Directions for this task: Beginning with the line below that contains "Loewe Women‘s Green" and ending with the line that contains "Muestra de algunos", copy every line exactly. Copy nothing else.

----- Data extracts -----

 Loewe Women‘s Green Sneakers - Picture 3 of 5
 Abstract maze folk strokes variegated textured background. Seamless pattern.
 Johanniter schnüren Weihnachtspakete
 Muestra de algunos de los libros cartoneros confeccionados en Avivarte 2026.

-----
----- Data extracts -----

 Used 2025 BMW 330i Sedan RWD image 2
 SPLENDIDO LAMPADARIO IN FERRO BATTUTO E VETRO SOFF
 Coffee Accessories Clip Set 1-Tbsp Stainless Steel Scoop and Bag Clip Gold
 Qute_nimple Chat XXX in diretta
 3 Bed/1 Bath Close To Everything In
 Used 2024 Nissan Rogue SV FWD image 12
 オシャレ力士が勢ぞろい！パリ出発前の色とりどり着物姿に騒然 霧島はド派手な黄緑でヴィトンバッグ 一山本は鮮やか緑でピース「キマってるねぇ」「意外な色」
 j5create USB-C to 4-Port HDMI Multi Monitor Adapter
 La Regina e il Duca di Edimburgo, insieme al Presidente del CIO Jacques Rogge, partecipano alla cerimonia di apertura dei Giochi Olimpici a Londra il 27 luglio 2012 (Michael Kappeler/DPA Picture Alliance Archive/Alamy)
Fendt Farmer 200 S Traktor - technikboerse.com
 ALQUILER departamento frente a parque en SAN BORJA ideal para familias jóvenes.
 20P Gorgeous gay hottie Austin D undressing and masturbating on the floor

-----

Written solution:
 Loewe Women‘s Green Sneakers - Picture 3 of 5
 Abstract maze folk strokes variegated textured background. Seamless pattern.
 Johanniter schnüren Weihnachtspakete
 Muestra de algunos de los libros cartoneros confeccionados en Avivarte 2026.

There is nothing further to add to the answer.